> **Task description**
Using the records that appear below, write out exactly the lines from the one with "Skyline Teal Mackenzie 2' x 7' Runner Rug" through the one with "New Era Anaheim", keeping both end lines.

> **Input**
* * *

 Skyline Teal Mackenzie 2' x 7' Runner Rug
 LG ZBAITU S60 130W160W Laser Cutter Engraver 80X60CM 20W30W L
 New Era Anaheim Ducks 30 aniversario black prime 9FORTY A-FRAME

* * *

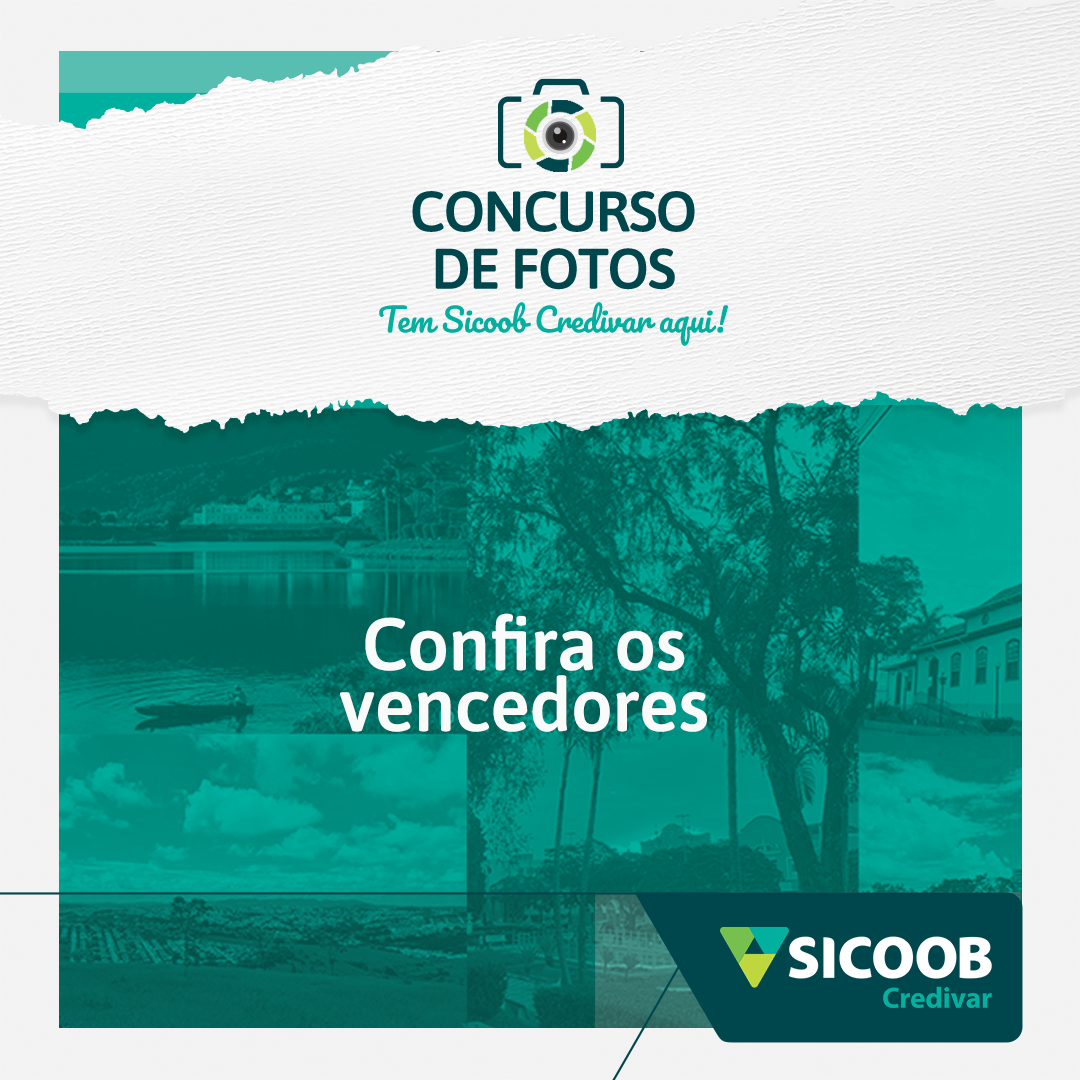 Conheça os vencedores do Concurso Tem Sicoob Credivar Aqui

* * *

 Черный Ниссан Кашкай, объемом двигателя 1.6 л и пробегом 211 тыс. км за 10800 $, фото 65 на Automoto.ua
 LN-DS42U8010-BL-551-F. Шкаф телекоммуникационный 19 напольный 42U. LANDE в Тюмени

* * *

> **Task result**
 Skyline Teal Mackenzie 2' x 7' Runner Rug
 LG ZBAITU S60 130W160W Laser Cutter Engraver 80X60CM 20W30W L
 New Era Anaheim Ducks 30 aniversario black prime 9FORTY A-FRAME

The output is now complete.